Restate the data word for word and leave the images out.

Dataset excerpts:
---

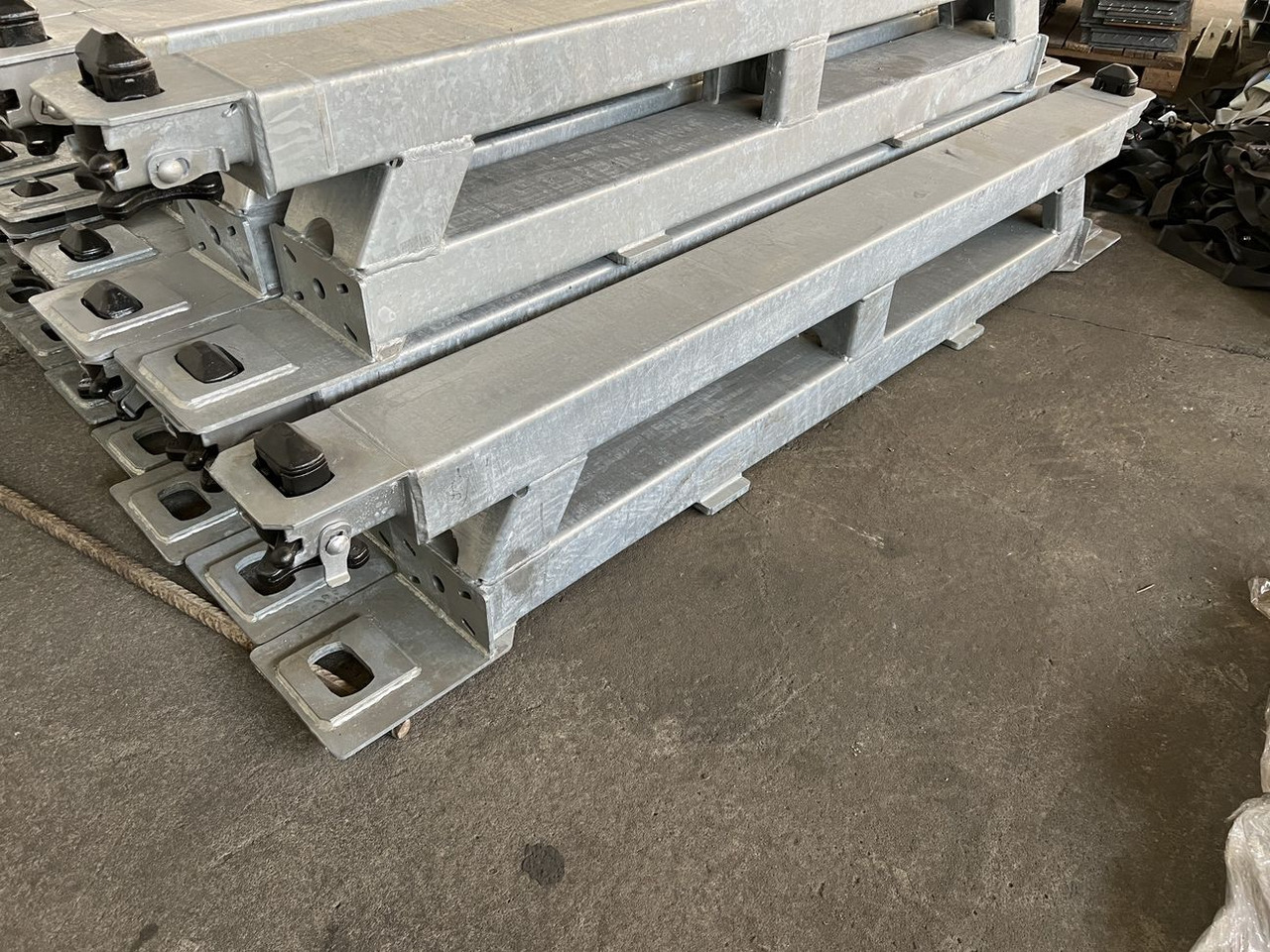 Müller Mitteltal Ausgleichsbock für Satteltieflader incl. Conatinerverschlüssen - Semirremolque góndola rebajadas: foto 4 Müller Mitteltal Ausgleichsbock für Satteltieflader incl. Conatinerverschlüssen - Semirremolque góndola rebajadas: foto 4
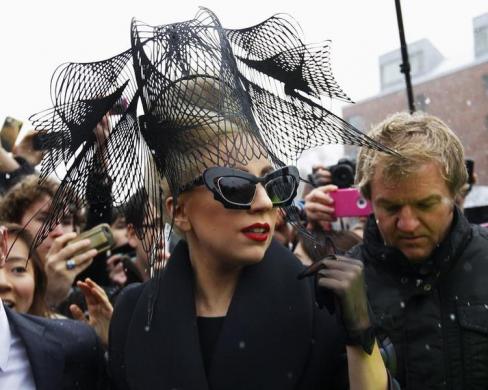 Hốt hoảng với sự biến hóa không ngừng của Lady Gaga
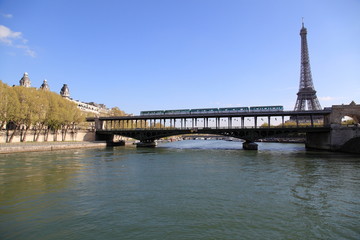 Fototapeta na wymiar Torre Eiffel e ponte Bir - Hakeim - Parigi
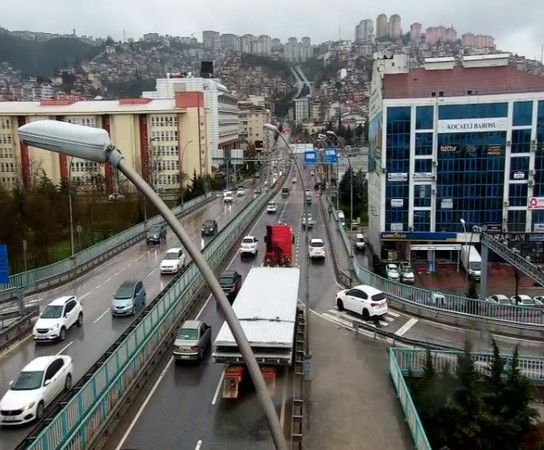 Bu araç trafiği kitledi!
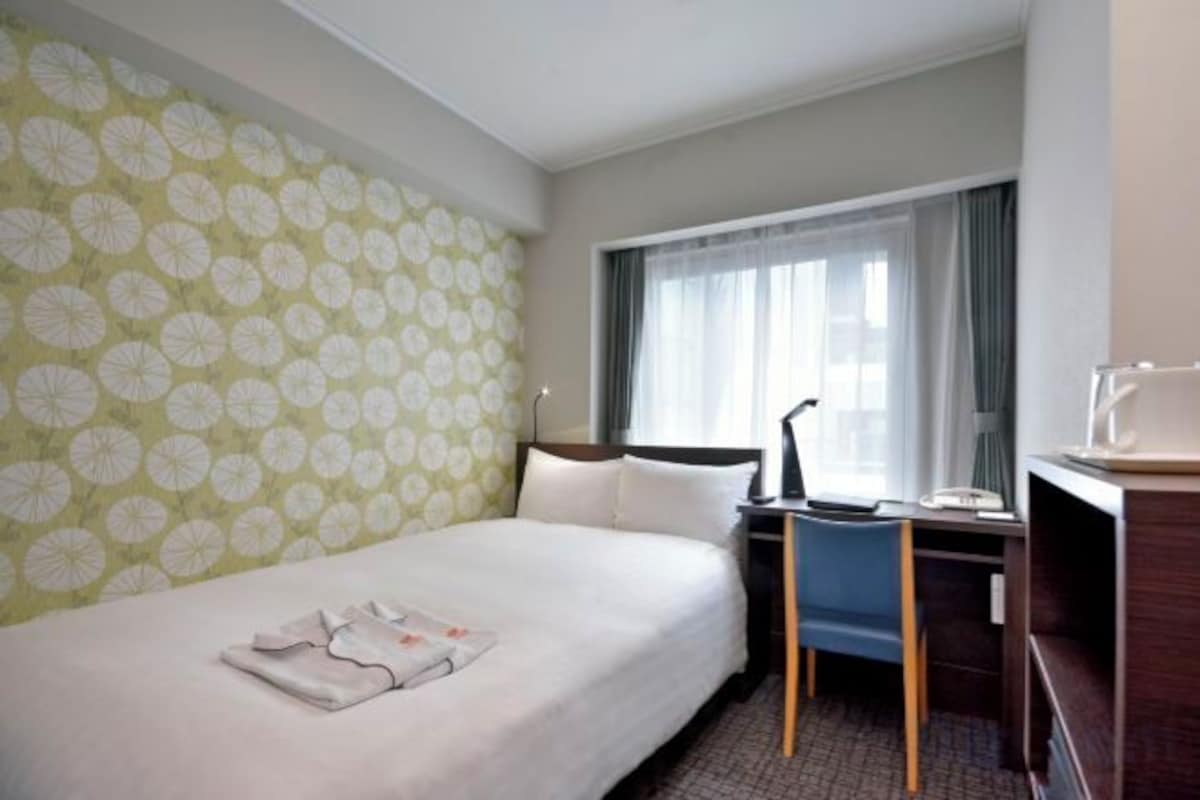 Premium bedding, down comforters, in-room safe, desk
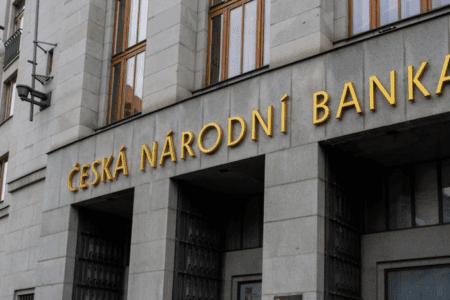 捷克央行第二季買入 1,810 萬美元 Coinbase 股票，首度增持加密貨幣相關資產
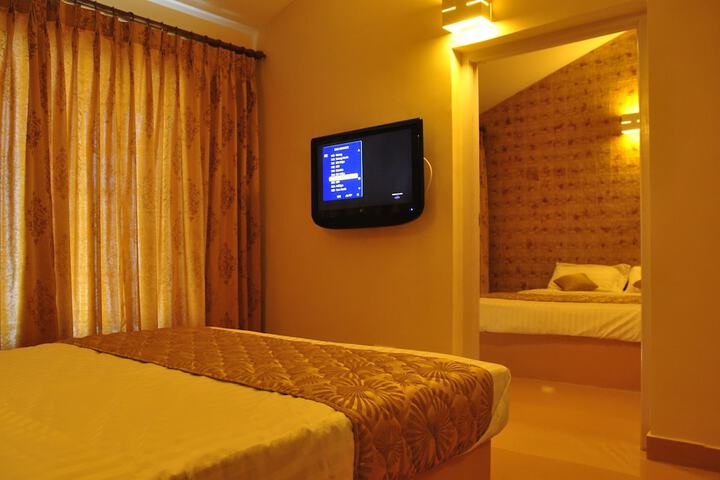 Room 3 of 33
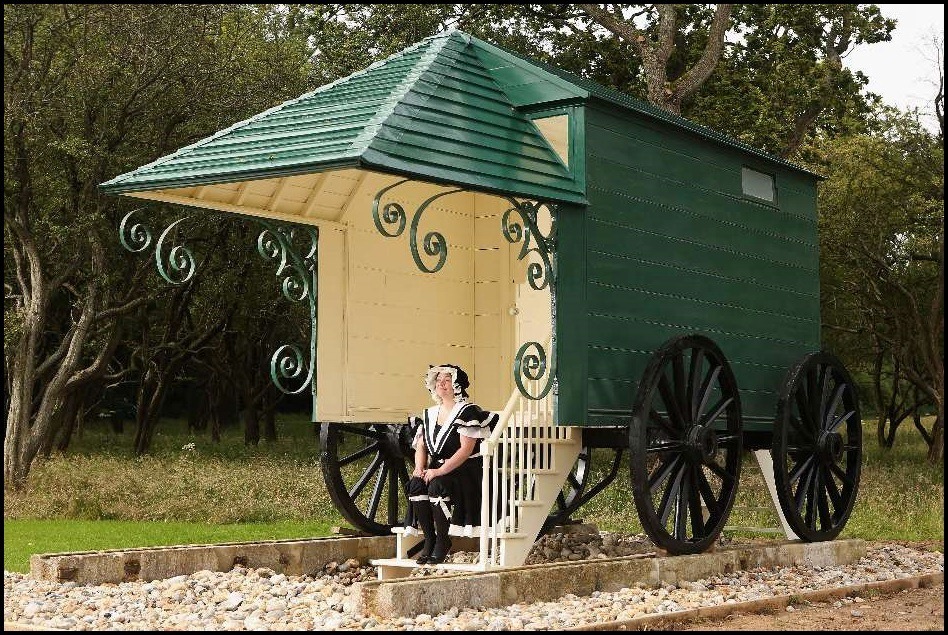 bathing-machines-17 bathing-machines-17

---

» **Response to this exercise**
 Müller Mitteltal Ausgleichsbock für Satteltieflader incl. Conatinerverschlüssen - Semirremolque góndola rebajadas: foto 4 Müller Mitteltal Ausgleichsbock für Satteltieflader incl. Conatinerverschlüssen - Semirremolque góndola rebajadas: foto 4
 Hốt hoảng với sự biến hóa không ngừng của Lady Gaga
 Fototapeta na wymiar Torre Eiffel e ponte Bir - Hakeim - Parigi
 Bu araç trafiği kitledi!
 Premium bedding, down comforters, in-room safe, desk
 捷克央行第二季買入 1,810 萬美元 Coinbase 股票，首度增持加密貨幣相關資產
 Room 3 of 33
 bathing-machines-17 bathing-machines-17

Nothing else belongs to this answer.